With such guilt, statehood has no right and is not able to exist lawfully, offending justice, freedom and humanity," Judge Aranovsky expressed his opinion.

Russia, the judge wrote, should have the constitutional status of a state that is not involved in totalitarian crimes.

The dissenting opinion expressed by Konstantin Aranovsky provoked a wide discussion in society. Some experts associate it with the updated wording in the Constitution about Russia as the legal successor of the USSR, as well as a ban on the publication of dissenting opinions of judges of the Constitutional Court.
Consequences
In pursuance of the decision of the Constitutional Court, the Ministry of Construction developed a bill, which, however, proposed to put the victims of repression at the end of the general queue for affordable housing. The waiting period could be 25-30 years - applicants and people in a similar situation with them may simply not live to return home. Work on it was frozen.

The second bill was developed by State Duma deputies Sergei Mironov and Galina Khovanskaya. The document provided for a priority procedure for obtaining housing for "children of the Gulag". Veterans of the Great Patriotic War or the liquidators of the accident at the Chernobyl nuclear power plant have a similar order. However, the bill was rejected.

The decision of the Constitutional Court has not yet been executed. This provoked the filing of the first-ever class action lawsuit against the State Duma with a demand to recognize as illegal its inaction in the issue of providing housing for the children of the repressed. The Supreme Court did not accept it. The story continues to develop.

The case of bona fide purchasers, or the right to review decisions
Decision: Judgment of the Constitutional Court No. 30-P of June 26, 2020

Applicants: the Odnodvortsev family; case card on the website of the Institute for Law and Public Policy - here

Contested acts: part 1 of Art. 439 of the Code of Civil Procedure, paragraph 4 of part 1 of Art. 43 of the Federal Law "On Enforcement Proceedings", as well as parts 3 and 5 of Art. 79 of the federal constitutional law "On the Constitutional Court"

Result: norms are recognized as not contradicting the Constitution
Plot
The Odnodvortsev family appealed to the Constitutional Court with a complaint about a number of norms of Russian legislation. They argued that, taken together, the contested provisions did not allow them to stop the process of eviction from the apartment.

Valery Odnodvortsev legally bought an apartment, which, as it turned out later, "withdrew from the possession of the city of Moscow against the will of the owner" as a result of the illegal actions of the former owner. In 2010, the Preobrazhensky District Court of Moscow recognized Valery Odnodvortsev as a bona fide purchaser, but the Moscow Department of Housing Policy and Housing Fund later obtained a decision through the courts to evict the family from the apartment.

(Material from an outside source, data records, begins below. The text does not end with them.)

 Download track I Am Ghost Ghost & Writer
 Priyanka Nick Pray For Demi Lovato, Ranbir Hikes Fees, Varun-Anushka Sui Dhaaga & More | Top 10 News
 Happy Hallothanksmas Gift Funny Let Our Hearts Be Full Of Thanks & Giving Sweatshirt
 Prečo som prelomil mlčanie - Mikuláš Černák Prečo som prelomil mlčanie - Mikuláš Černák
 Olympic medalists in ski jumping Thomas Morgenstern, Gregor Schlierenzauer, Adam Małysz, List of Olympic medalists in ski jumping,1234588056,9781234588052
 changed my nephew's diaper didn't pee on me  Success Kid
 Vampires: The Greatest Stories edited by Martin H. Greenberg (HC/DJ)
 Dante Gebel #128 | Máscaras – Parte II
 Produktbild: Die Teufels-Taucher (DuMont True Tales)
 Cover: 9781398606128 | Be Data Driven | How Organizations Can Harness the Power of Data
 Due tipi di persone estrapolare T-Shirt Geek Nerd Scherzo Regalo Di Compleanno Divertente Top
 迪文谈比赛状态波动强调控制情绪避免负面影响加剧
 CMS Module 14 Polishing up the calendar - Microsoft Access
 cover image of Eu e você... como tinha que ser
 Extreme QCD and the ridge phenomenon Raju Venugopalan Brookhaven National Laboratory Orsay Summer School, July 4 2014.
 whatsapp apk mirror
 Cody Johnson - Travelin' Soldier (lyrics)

This happened due to the interpretation of paragraph 1 of Art. 302 of the Civil Code, according to which the real owner of the disputed property has the right to claim it even from a bona fide purchaser. In 2017, in the case of Alexander Dubovets, the Constitutional Court expressed a position on the impossibility of reclaiming property from a bona fide purchaser if it had left the state's possession due to improper performance by the authorities of their functions - exactly for this reason, the Odnodvortsev family was under the threat of eviction. However, the courts in their case refused to take this into account. The essence of the arguments of general jurisdiction was that they were not parties to the constitutional proceedings in the Dubovets case, and the Constitutional Court in its decision did not indicate the reconsideration of all similar cases.
The essence of the decision
The judgment in the case of the Odnodvortsevs became one of a whole series of decisions to protect the rights of bona fide purchasers and combined two pain points at once: substantive law as such and procedural mechanisms for its protection.

In 2020, the Constitutional Court agreed with the family's arguments and confirmed their right to housing. However, it was not so much the position of the Constitutional Court on paragraph 1 of Art. 302 of the Civil Code, but the first attempt by the Court to create in the law a mechanism for reviewing court decisions in similar cases of third parties - those who themselves have not previously applied to the Constitutional Court. Moreover, the judgment directly obliged the legislators to develop and consolidate such a mechanism. The Constitutional Court recalled that its decisions do not require confirmation by other bodies, and "the execution of the instructions of the Constitutional Court cannot be made dependent on the discretion of any officials."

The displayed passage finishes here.